In this article, we address the question of how efficiently Semantic Web (SW) reasoners perform in processing (classifying and querying) taxonomies of enormous size and whether it is possible to improve on existing implementations. We use a bit-vector encoding technique to implement taxonomic concept classification and Boolean-query answering. We describe the technique we have used, which achieves high performance, and discuss implementation issues. We compare the performance of our implementation with those of the best existing SW reasoning systems over several very large taxonomies under the exact same conditions for so-called TBox reasoning. The results show that our system is among the best for concept classification and several orders-of-magnitude more efficient in terms of response time for query answering. We present these results in detail and comment them. We also discuss pragmatic issues such as cycle detection and decoding.

Appendices

Appendix

In Section A, we give an overview of an implementation specification for representing very large bit vectors, reducing memory-space consumption while retaining efficient operations.

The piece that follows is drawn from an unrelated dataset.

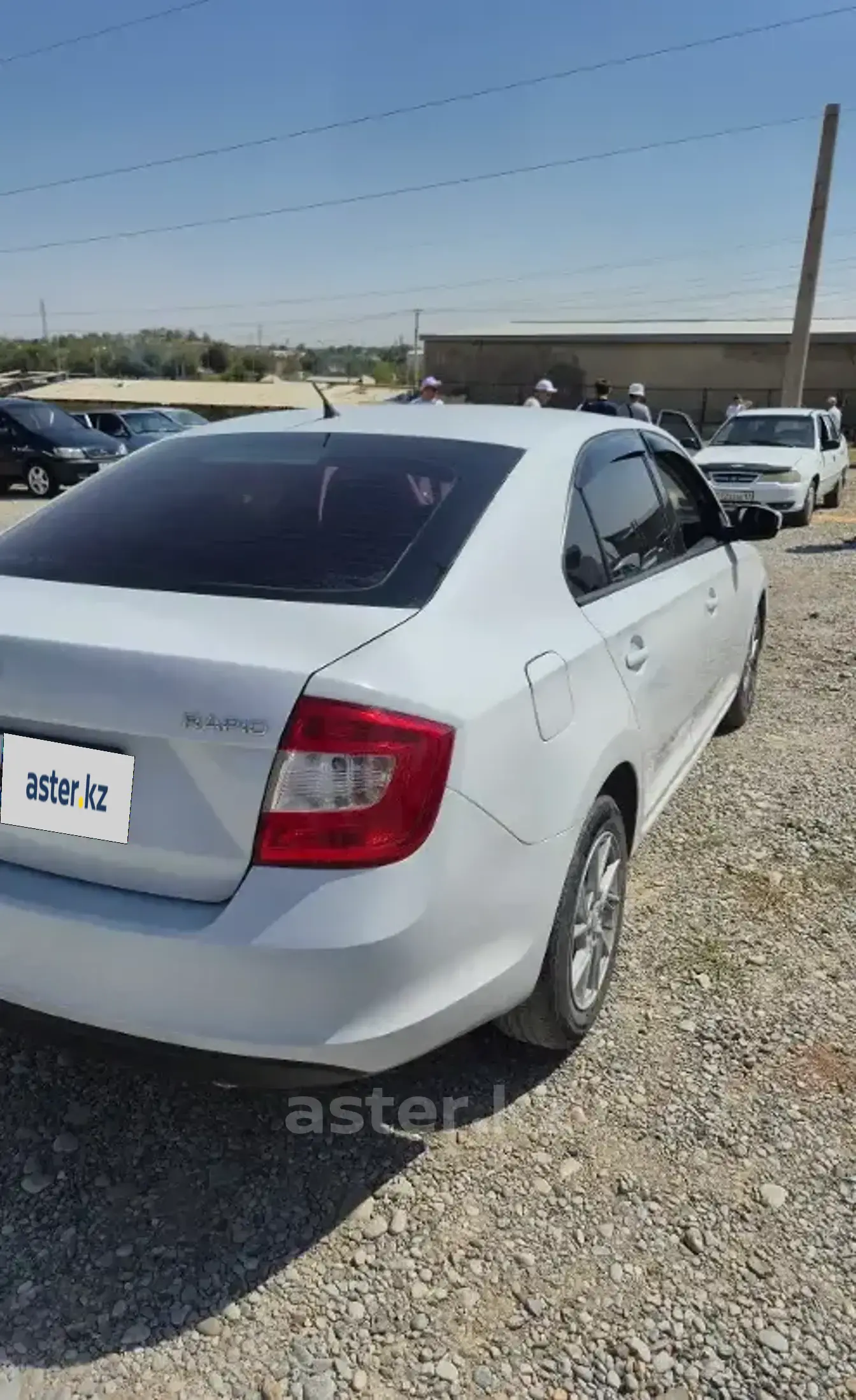 Skoda Rapid 2015 года за 3 700 000 тг. в Шымкент фото 3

In our experiments, this alternative code representation was used only for saving an encoded taxonomy on disk and reloading it as a pre-encoded order. But for taxonomies of even larger size than those used in our experiments, it could be used for lattice operations as well.

A Compact codes

While the foregoing sections present a method for encoding elements of a partially ordered set based on transitive closure, the data structure it relies on is that of a binary word—i.e., a bit vector. With such a structure, all boolean operations—and, or, not—are thus very efficient. This representation also eases computation of the transitive closure since setting a bit on or off is trivially accommodated.

However, while this representation is convenient and time-efficient for relatively small posets of the order of a few hundred elements, it quickly becomes space-inefficient for large posets of hundreds of thousands, or millions of elements.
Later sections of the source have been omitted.